In a nursing diagnosis, the intention is to use appropriate energy conservation principles. Besides, the nurse also seeks to reduce fatigue and promote the ability to perform desired activities. The process of diagnosis is also meant to create an understanding of the patient’s disease and formulate the treatment plan.

The nurse conducts a diagnosis to reduce the risk of infection. To assess the risk, the nurse monitors the fever and uses preventive measures to minimize the risk of infection. The nursing diagnosis is also meant to ensure that vital signs of the patient remain within the normal range. More importantly, for bleeding patients, the goal is to reduce the risk of bleeding and ensure the absence of bruises on the patient.

Nursing Assessment and Diagnosis

As part of the diagnosis process, a nurse conducts an assessment to understand the state of the patient and ensure a complication-free recovery.

Patient History

As part of the patient review process, it is imperative to have an understanding of the patient’s history. In some instances, anemia symptoms may develop gradually characterized by progressive weaknesses. As such, a historical description of the patient may help to establish whether the condition was based on lifestyle. In some cases, patients may describe progressive symptoms of anemia as the progression of shortness of breath and headache or signs related to thrombocytopenia such as bruising and bleeding on the mucous membrane. The historical description helps the nurse to understand the patient better.

Physical Inspection

The nurse may inspect the patient to visualize some of the eminent symptoms. For instance, some patients exhibit retinal bleeding, ecchymosis, petechiae, especially if thrombocytopenia is eminent. The physical inspection may also establish the level of consciousness and degree of weakness on the patients. In instances where general malaise is evident and low level of consciousness, there is potential bleeding in the Central Nervous system (CNS). Such physical inspections may help the nurse order an in-depth diagnosis.

Auscultations

The nurse may also conduct auscultations, which may target the heart, lungs, and other vital organs using the stethoscope. Doing this may reveal bibasilar crackles, gallop murmurs if the patient is suffering from severe anemia. This assessment is coupled with an evaluation of fever, rectal ulceration, and sore throat to determine if there are chances of infection on the patient. Such assessment helps in determining whether the patient could be suffering from the risk of infection.

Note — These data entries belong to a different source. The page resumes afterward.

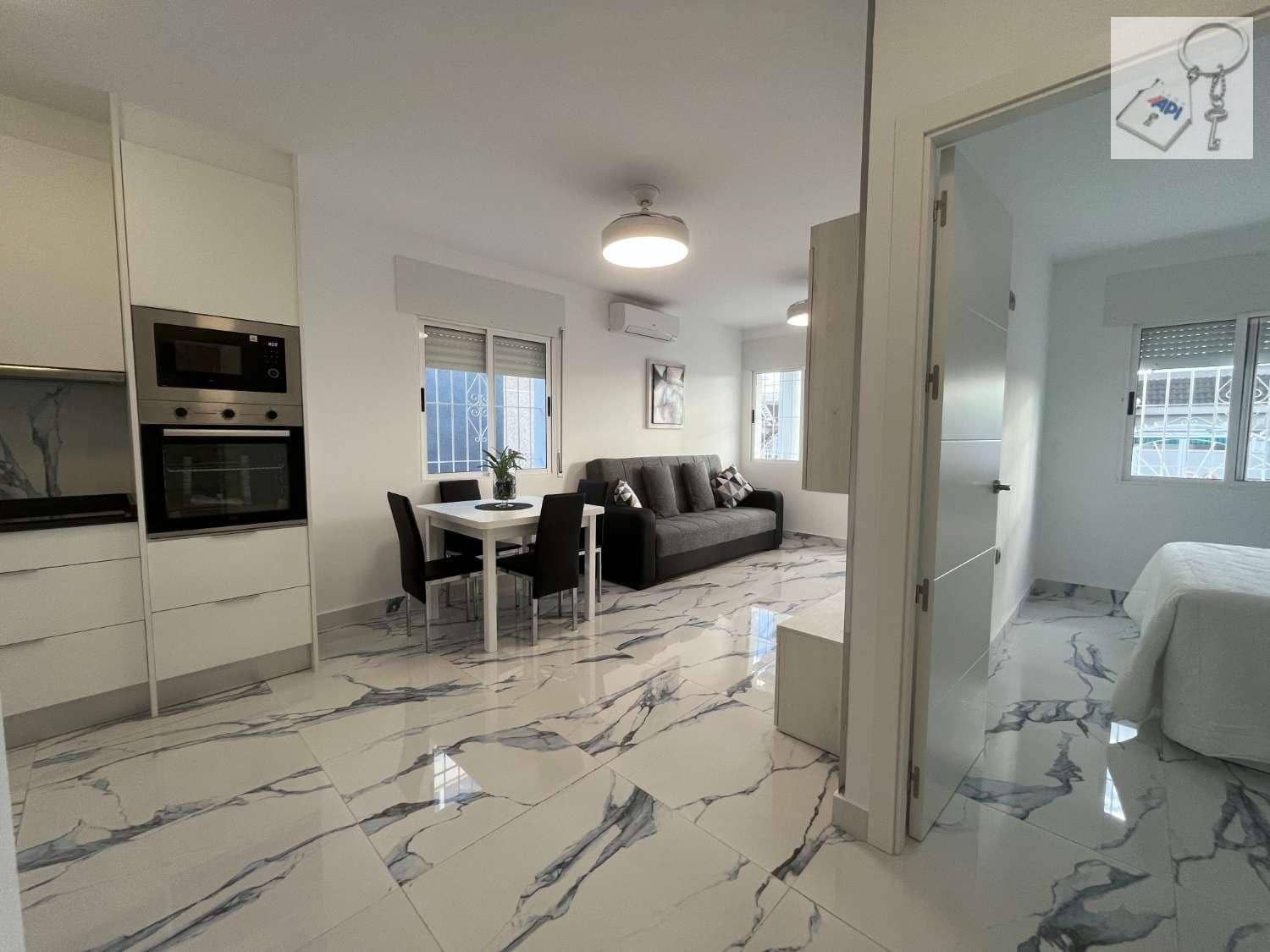 2 soveværelse Bungalow til salg i El Chaparral med garage - € 177.000 (Ref: 8907125)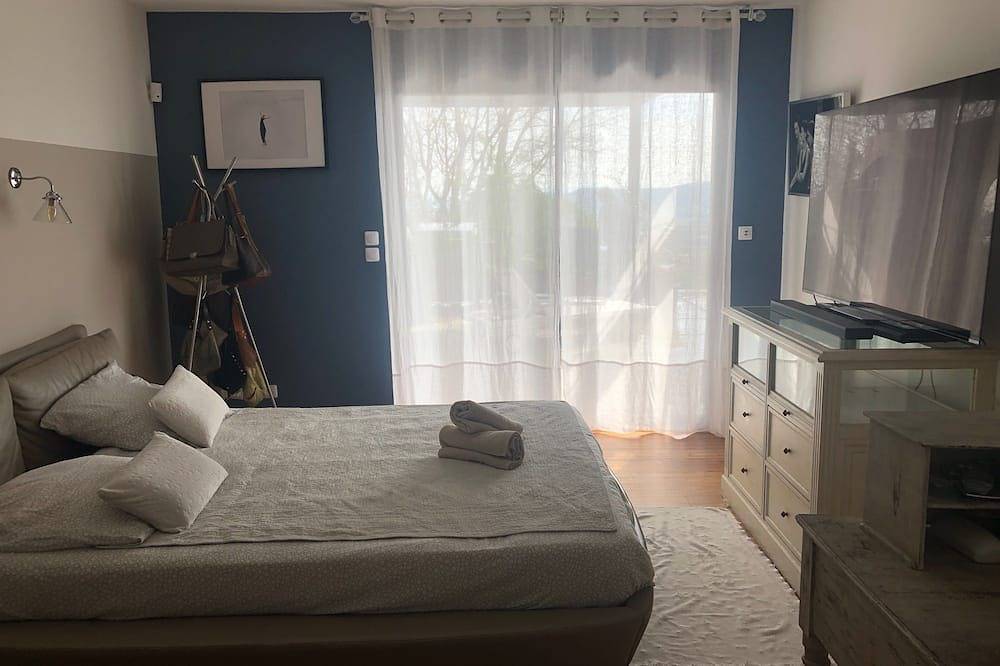 Beautiful contemporary villa in Rochefort-du-Gard, Nimes region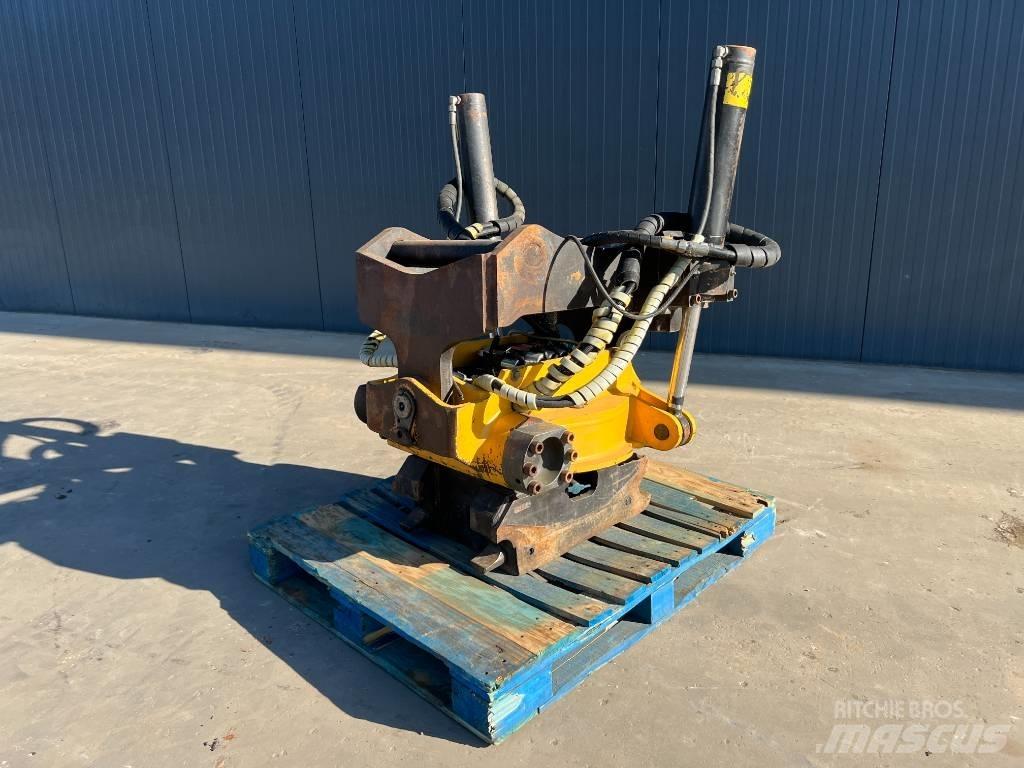 Engcon EC30 - S70 Rotators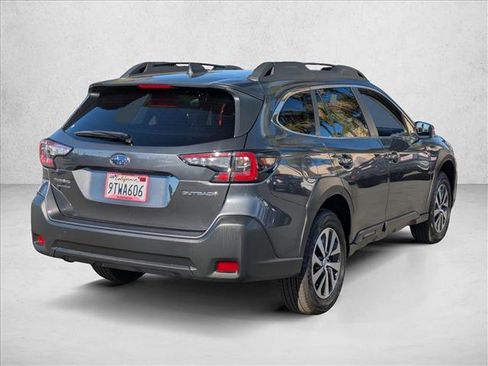 Certified 2025 Subaru Outback Premium image 7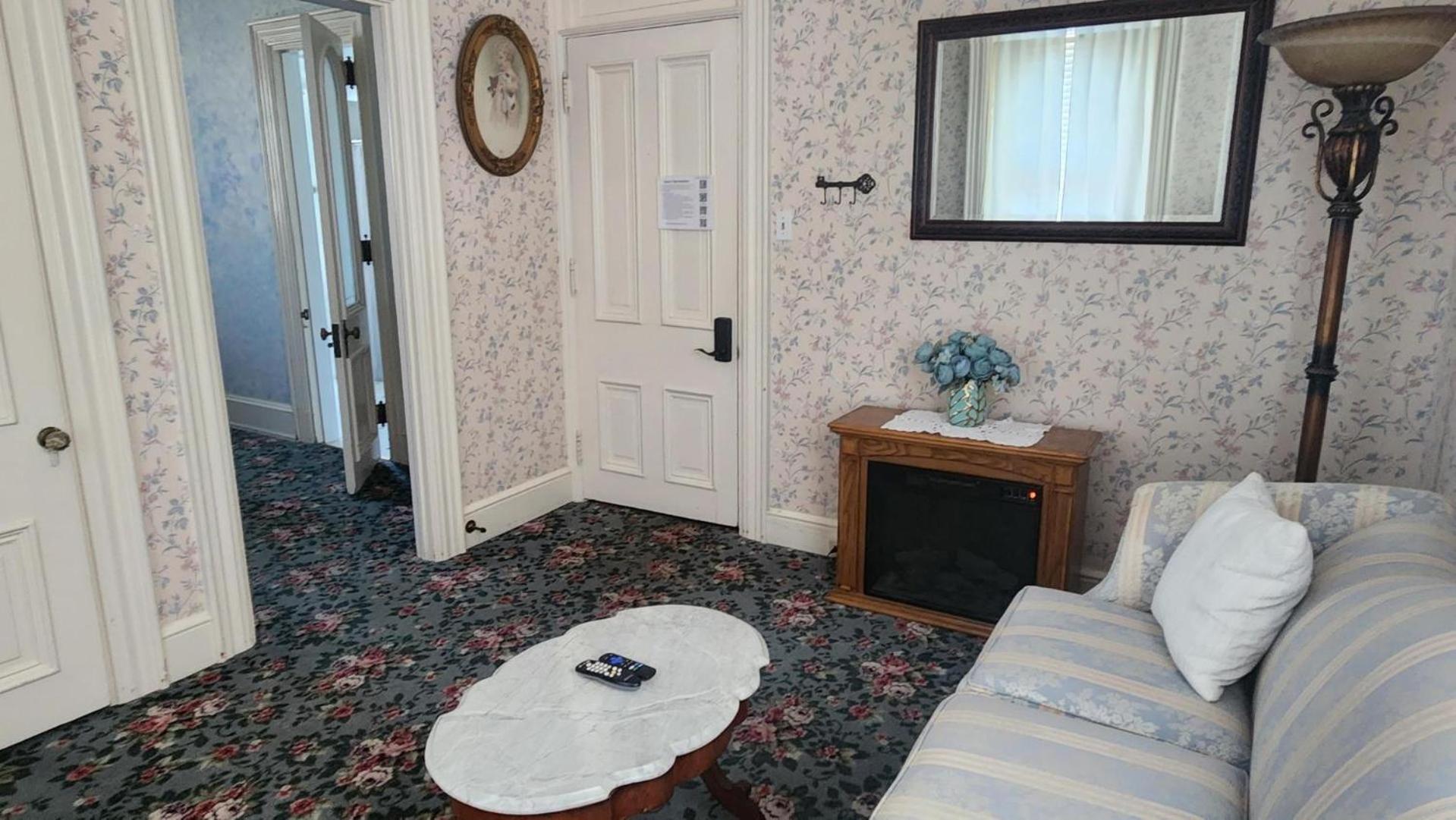 Greystone Manor Bed & Breakfast Bird-in-Hand 외부 사진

Auscultations helps to establish if there is a normal functioning of the body organs.

Fatigue

This is a situation where the patient is overwhelmed with sustained exhaustion characterized by decreased physical and mental capacity. It is commonly associated with tissue hypoxia due to reduced levels of haemoglobin and hence reduced ability of the blood to carry oxygen.  Fatigue is also related to dyspnea and inability to maintain the normal body physique. In some cases, patients who are ordered to rest also report fatigue and lack of energy. The nurse must assess the level of fatigue to act accordingly and normalize the patient.

Assess current knowledge

Part of the patient’s intervention may include diet and change of lifestyle by the patient. As such, the nurse must establish the level of knowledge by the patient concerning the disease. As such, the nurse conducts an assessment to determine the absence or deficiency of cognitive information regarding anemia. This would form the basis for intervention for health improvement.

Risk of Bleeding

For patients with bleeding anemia, the nurse should continuously monitor the risk of bleeding. The continued bleeding would continuously decrease the blood volume and ultimately compromise the health of the patient. Some of the risk factors that are associated with such include bone marrow malformation or marrow replacement. To assess this, the nurse will determine the gum, platelets levels, and presence of bruises.

Most importantly,

When writing a nursing diagnosis of patients, it is imperative to cover all assessments necessary to understand the condition of the patient. Nonetheless, it is essential also to ensure that the patient is shielded from infections, and therefore, risk of infection should also be included. It is always to keep in mind that nursing diagnosis should help the patient recover without complications.